Solved: Dataplex quality scan rules involving more than on...

vzugadi · 02-25-2024 07:58 AM

is there currently any way to define a quality rule in dataplex that involves more than one table, something like

uuid IN (select uuid FROM dataset.dimensional_table)

ms4446

Implementing cross-table data quality scans within the Google Cloud ecosystem is a strategic approach. Below is an enhanced breakdown of how to execute this effectively, along with key considerations:

Overall Workflow

Cloud Scheduler: Set up recurring data quality scans using Cloud Scheduler. This automates the process, ensuring checks run at desired intervals.
Cloud Run Job:
- Language Flexibility: Python is a strong choice due to its robust support for Google Cloud services, but other Cloud Run supported languages are viable.
- Logic Implementation:
  - Connect to BigQuery using the relevant Google Cloud client library.
  - Execute cross-table data quality checks (e.g., IN subqueries, JOINs).
  - Format results according to the schema of your A_scan_results table.
  - Store formatted results in the A_scan_results table for monitoring.
Dataplex Integration: While Dataplex doesn't natively use external scan results, the A_scan_results table acts as a central repository. Consider custom dashboards or other governance tools for analysis.

Key Considerations

A_scan_results Table Schema: Carefully design the schema to effectively store results.
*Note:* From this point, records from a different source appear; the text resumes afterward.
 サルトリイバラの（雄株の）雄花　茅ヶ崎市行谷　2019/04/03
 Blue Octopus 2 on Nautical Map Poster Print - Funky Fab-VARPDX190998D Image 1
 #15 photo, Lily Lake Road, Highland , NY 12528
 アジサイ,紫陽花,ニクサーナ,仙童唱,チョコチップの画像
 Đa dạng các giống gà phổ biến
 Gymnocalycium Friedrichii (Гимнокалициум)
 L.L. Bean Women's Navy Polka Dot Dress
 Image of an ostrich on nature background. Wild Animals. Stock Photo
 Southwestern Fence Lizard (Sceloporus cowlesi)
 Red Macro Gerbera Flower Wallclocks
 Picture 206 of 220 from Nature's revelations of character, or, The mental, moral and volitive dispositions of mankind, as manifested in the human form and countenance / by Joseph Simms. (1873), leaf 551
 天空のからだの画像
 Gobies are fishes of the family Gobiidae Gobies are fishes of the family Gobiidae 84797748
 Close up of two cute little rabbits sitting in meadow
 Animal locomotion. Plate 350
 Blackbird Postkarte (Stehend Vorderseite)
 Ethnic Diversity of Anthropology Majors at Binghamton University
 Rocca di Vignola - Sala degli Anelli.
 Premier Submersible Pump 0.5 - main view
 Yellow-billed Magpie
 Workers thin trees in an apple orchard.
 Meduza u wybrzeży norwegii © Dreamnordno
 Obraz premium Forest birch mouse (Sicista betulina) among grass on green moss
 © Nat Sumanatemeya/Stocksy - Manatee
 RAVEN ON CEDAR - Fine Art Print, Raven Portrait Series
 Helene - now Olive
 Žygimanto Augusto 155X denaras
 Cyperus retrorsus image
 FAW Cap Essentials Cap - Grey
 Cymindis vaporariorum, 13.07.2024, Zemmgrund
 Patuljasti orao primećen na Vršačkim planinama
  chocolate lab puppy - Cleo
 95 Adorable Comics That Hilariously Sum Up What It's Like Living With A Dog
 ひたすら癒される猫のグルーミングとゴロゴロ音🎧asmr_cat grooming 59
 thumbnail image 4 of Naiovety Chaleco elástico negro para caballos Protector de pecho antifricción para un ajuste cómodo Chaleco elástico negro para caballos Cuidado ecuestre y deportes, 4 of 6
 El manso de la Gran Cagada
Consider columns like:
- timestamp
- data_location
- rule_type
- rule_description
- result
Error Handling: Implement robust error handling in your Cloud Run job. Logging and alerting will speed up troubleshooting.
Authentication and Permissions: The Cloud Run job needs appropriate BigQuery permissions (read data tables, write to A_scan_results).
Result Formatting: Invest in consistent formatting for compatibility with A_scan_results and to enhance the clarity of insights.

Conceptual Example

Let's assume a simple schema for A_scan_results:

 
timestamp | rule_name | table_location | result

Here's a possible Python snippet for your Cloud Run job:

 

from google.cloud import bigquery 
from datetime import datetime 

client = bigquery.Client() 

# Example query:
query = """ 
    SELECT COUNT(*) AS failed_count 
    FROM `project.dataset.A` 
    WHERE uuid NOT IN (SELECT uuid FROM `project.dataset.dimensional_table`) 
""" 

result = client.query(query).result().to_dataframe() 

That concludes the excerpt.